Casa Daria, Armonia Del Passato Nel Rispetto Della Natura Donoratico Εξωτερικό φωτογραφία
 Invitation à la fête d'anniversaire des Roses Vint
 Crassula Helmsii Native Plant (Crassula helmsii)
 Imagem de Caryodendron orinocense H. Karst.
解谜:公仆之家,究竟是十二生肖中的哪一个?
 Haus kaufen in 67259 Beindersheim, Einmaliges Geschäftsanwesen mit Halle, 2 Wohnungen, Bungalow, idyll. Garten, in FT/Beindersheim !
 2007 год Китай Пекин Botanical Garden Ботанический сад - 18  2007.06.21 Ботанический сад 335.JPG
------------------------
▶ **Aim of the exercise**
Send back the lines of the records word for word, from the very first through the line containing "Haus kaufen in".

▶ **Expected output**
Casa Daria, Armonia Del Passato Nel Rispetto Della Natura Donoratico Εξωτερικό φωτογραφία
 Invitation à la fête d'anniversaire des Roses Vint
 Crassula Helmsii Native Plant (Crassula helmsii)
 Imagem de Caryodendron orinocense H. Karst.
解谜:公仆之家,究竟是十二生肖中的哪一个?
 Haus kaufen in 67259 Beindersheim, Einmaliges Geschäftsanwesen mit Halle, 2 Wohnungen, Bungalow, idyll. Garten, in FT/Beindersheim !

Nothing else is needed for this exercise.